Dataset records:
- - - - - - -

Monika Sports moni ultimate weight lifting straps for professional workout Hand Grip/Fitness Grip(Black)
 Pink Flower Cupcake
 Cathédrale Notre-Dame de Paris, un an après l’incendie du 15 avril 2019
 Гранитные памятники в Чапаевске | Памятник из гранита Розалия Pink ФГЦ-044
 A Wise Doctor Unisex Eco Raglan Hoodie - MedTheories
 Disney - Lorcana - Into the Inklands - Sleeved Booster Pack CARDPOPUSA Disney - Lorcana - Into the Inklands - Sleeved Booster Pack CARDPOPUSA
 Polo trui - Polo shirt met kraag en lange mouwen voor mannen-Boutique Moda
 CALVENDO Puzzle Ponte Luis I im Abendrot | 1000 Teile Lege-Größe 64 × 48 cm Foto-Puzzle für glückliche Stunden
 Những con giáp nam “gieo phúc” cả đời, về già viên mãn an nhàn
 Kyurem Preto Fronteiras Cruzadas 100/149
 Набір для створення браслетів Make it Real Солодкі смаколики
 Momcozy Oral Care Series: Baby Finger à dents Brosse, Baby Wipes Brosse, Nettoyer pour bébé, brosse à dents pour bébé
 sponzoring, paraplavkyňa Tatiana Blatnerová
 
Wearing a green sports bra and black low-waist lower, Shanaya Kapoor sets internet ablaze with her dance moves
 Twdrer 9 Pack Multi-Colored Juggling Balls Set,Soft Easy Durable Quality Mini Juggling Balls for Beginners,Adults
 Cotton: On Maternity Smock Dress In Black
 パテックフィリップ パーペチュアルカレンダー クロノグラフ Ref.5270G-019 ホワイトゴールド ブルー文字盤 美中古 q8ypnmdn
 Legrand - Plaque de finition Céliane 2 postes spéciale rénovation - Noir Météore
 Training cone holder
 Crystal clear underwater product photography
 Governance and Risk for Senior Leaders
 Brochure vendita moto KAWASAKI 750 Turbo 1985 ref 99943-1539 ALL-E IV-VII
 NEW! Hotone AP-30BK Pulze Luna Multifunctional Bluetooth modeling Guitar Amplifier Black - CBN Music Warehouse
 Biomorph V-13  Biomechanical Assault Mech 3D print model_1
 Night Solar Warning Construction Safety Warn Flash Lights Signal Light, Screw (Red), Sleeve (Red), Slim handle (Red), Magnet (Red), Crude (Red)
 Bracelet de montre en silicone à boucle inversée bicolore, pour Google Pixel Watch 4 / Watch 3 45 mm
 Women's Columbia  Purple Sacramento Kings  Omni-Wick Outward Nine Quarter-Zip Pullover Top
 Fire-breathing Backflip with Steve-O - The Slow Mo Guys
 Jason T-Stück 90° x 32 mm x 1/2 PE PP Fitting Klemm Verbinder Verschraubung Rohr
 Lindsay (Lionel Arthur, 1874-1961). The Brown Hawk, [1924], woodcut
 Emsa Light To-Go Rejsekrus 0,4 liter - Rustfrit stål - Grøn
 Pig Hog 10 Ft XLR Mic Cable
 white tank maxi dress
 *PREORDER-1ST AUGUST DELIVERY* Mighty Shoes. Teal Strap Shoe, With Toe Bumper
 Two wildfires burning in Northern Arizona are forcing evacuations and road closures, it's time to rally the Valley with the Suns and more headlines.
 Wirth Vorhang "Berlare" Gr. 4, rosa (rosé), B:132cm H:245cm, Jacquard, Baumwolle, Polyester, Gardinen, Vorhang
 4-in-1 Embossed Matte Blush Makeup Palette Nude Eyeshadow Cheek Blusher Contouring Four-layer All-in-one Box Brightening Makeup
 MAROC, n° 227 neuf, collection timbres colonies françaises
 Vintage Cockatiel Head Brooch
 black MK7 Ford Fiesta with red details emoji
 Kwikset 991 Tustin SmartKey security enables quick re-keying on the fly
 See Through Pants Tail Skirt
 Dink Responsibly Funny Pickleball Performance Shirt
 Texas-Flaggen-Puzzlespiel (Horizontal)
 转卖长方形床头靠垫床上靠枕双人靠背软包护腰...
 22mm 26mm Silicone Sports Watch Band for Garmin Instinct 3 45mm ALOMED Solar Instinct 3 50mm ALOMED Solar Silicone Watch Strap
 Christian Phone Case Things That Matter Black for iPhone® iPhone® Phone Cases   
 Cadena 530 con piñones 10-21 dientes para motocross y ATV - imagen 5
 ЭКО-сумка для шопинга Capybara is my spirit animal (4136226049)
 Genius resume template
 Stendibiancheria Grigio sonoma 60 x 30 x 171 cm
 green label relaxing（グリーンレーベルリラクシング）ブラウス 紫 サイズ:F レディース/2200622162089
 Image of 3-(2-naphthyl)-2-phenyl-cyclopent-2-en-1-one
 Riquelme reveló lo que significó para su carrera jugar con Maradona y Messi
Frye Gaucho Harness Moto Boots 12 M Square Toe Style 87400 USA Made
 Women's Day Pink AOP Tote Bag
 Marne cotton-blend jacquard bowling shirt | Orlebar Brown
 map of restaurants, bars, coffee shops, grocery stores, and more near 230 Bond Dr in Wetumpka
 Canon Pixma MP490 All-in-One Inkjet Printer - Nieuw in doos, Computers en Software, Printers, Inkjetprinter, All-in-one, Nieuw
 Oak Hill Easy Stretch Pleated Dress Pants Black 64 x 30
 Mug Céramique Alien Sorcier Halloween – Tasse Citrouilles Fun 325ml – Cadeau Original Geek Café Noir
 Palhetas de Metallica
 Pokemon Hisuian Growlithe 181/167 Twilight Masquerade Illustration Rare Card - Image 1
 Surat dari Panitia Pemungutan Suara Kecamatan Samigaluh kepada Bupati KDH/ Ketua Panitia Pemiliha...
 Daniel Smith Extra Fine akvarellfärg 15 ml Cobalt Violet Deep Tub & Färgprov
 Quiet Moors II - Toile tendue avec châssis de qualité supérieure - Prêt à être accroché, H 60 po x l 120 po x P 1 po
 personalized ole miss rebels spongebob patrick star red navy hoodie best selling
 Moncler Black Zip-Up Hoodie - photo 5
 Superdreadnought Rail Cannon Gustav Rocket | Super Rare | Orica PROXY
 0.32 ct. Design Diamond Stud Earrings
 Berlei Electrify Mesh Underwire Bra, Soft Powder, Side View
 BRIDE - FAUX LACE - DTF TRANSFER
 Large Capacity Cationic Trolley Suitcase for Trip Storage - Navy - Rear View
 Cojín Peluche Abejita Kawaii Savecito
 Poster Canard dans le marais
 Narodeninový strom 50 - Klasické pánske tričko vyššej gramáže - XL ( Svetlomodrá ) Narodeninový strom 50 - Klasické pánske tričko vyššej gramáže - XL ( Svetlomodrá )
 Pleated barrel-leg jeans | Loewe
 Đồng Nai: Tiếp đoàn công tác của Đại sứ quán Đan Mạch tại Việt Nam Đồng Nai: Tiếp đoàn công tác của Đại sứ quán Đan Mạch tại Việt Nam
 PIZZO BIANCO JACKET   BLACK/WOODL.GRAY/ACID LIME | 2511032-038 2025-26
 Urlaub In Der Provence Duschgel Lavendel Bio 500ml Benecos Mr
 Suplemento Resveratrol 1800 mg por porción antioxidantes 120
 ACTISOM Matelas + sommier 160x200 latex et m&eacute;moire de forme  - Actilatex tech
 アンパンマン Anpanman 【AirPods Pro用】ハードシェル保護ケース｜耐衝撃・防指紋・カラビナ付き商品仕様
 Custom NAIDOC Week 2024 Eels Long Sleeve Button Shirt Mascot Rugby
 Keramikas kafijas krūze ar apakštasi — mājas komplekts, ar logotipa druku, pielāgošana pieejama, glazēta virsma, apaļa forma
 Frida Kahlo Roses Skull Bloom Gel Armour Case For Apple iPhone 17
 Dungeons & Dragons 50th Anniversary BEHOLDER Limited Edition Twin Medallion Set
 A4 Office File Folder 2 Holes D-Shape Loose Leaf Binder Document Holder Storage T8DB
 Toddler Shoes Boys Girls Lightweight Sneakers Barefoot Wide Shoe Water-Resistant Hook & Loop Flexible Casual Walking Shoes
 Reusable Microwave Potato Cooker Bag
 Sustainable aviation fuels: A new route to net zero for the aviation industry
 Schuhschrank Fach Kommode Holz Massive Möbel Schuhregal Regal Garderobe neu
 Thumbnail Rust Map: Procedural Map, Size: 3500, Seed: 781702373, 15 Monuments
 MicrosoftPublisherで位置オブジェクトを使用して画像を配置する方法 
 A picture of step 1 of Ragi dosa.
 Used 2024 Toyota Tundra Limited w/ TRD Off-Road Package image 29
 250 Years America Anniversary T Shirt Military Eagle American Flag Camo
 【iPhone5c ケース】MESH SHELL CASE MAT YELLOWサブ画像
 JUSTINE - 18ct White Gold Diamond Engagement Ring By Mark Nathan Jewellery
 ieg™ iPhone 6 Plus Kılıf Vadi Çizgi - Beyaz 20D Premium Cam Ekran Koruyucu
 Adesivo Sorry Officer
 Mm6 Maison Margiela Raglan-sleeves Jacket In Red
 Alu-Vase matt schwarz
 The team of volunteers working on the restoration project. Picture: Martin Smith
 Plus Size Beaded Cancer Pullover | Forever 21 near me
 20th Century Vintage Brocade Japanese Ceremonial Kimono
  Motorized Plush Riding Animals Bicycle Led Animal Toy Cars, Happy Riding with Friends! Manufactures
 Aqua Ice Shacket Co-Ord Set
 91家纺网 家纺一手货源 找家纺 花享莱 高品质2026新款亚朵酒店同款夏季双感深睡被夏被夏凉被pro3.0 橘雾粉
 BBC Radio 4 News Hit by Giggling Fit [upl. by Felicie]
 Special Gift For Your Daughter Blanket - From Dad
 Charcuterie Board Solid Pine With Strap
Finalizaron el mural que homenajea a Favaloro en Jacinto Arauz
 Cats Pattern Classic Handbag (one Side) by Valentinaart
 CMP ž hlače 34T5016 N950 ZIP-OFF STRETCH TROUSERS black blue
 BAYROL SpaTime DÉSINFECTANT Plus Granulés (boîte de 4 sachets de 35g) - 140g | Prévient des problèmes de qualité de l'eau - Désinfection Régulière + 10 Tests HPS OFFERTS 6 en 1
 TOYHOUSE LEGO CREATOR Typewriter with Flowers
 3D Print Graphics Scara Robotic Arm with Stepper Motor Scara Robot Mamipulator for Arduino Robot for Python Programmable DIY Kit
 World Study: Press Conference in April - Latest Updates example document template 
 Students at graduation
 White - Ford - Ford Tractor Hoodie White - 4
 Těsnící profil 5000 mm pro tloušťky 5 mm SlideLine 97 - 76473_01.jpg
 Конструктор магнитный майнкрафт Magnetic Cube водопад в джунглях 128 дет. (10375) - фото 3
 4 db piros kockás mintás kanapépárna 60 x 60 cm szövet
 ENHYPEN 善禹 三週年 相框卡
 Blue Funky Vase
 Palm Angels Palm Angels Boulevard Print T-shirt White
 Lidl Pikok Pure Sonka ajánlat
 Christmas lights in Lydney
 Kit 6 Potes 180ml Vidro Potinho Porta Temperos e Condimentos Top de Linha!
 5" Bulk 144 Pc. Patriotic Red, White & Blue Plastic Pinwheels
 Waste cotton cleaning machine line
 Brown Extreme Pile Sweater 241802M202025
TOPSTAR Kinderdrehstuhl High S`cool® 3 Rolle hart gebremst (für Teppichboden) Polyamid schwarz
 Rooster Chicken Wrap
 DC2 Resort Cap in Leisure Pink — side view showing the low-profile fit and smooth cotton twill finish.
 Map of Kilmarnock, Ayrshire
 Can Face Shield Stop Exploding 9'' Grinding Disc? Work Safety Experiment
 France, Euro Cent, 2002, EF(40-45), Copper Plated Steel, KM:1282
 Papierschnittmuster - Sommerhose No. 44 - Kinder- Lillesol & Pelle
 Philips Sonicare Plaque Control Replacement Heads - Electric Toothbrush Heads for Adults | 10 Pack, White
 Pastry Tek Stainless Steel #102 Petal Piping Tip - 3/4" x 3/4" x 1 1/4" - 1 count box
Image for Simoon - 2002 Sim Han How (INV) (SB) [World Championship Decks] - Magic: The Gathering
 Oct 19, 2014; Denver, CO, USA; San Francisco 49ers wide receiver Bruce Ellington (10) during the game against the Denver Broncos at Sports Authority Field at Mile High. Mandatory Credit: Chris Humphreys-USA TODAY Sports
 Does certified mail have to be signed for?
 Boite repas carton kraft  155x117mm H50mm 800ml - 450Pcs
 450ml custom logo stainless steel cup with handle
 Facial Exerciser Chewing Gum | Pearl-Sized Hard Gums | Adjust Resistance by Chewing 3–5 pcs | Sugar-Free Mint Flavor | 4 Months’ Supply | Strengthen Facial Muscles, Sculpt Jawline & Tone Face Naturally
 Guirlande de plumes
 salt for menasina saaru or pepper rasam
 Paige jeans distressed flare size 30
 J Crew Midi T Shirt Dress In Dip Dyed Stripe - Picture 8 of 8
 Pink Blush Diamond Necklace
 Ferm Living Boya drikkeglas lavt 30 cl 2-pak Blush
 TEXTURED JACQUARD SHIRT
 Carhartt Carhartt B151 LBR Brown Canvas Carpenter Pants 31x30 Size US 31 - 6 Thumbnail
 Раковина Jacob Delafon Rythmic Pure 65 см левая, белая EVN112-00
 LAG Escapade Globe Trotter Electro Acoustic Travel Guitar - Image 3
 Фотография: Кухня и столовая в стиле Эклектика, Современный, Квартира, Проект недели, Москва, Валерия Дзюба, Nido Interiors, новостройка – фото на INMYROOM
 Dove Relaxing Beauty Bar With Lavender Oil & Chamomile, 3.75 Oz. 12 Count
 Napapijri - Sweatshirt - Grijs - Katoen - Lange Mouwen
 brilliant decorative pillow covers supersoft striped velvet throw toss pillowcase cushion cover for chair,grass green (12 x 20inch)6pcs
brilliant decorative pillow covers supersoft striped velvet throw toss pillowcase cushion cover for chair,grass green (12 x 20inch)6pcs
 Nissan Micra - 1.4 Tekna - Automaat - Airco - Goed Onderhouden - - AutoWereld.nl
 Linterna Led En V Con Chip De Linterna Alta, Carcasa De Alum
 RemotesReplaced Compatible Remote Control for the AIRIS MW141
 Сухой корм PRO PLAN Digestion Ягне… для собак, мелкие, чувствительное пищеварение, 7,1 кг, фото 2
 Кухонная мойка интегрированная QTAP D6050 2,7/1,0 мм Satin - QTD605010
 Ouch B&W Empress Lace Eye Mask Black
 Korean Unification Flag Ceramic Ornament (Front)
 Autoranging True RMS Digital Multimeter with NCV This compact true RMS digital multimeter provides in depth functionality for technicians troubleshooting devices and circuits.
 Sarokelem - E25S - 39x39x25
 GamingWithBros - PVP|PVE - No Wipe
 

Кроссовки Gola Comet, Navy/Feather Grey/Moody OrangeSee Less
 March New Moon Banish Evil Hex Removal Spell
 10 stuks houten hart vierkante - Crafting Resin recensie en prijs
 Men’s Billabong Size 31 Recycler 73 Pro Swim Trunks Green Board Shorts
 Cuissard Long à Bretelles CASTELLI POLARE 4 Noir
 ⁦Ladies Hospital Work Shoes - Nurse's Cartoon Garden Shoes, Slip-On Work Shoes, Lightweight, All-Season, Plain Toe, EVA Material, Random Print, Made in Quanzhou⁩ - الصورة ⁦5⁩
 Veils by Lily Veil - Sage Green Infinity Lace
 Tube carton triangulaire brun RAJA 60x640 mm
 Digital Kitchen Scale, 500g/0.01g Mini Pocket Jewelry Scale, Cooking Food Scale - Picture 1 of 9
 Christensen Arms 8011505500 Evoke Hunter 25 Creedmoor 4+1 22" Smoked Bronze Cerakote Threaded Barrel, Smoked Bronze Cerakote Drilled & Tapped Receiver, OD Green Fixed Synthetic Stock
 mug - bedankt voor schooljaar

- - - - - - -

About this task: Using the records above, output exactly the lines from the first through the line that contains "Bracelet de montre", with both of those included.

Your solution:
Monika Sports moni ultimate weight lifting straps for professional workout Hand Grip/Fitness Grip(Black)
 Pink Flower Cupcake
 Cathédrale Notre-Dame de Paris, un an après l’incendie du 15 avril 2019
 Гранитные памятники в Чапаевске | Памятник из гранита Розалия Pink ФГЦ-044
 A Wise Doctor Unisex Eco Raglan Hoodie - MedTheories
 Disney - Lorcana - Into the Inklands - Sleeved Booster Pack CARDPOPUSA Disney - Lorcana - Into the Inklands - Sleeved Booster Pack CARDPOPUSA
 Polo trui - Polo shirt met kraag en lange mouwen voor mannen-Boutique Moda
 CALVENDO Puzzle Ponte Luis I im Abendrot | 1000 Teile Lege-Größe 64 × 48 cm Foto-Puzzle für glückliche Stunden
 Những con giáp nam “gieo phúc” cả đời, về già viên mãn an nhàn
 Kyurem Preto Fronteiras Cruzadas 100/149
 Набір для створення браслетів Make it Real Солодкі смаколики
 Momcozy Oral Care Series: Baby Finger à dents Brosse, Baby Wipes Brosse, Nettoyer pour bébé, brosse à dents pour bébé
 sponzoring, paraplavkyňa Tatiana Blatnerová
 
Wearing a green sports bra and black low-waist lower, Shanaya Kapoor sets internet ablaze with her dance moves
 Twdrer 9 Pack Multi-Colored Juggling Balls Set,Soft Easy Durable Quality Mini Juggling Balls for Beginners,Adults
 Cotton: On Maternity Smock Dress In Black
 パテックフィリップ パーペチュアルカレンダー クロノグラフ Ref.5270G-019 ホワイトゴールド ブルー文字盤 美中古 q8ypnmdn
 Legrand - Plaque de finition Céliane 2 postes spéciale rénovation - Noir Météore
 Training cone holder
 Crystal clear underwater product photography
 Governance and Risk for Senior Leaders
 Brochure vendita moto KAWASAKI 750 Turbo 1985 ref 99943-1539 ALL-E IV-VII
 NEW! Hotone AP-30BK Pulze Luna Multifunctional Bluetooth modeling Guitar Amplifier Black - CBN Music Warehouse
 Biomorph V-13  Biomechanical Assault Mech 3D print model_1
 Night Solar Warning Construction Safety Warn Flash Lights Signal Light, Screw (Red), Sleeve (Red), Slim handle (Red), Magnet (Red), Crude (Red)
 Bracelet de montre en silicone à boucle inversée bicolore, pour Google Pixel Watch 4 / Watch 3 45 mm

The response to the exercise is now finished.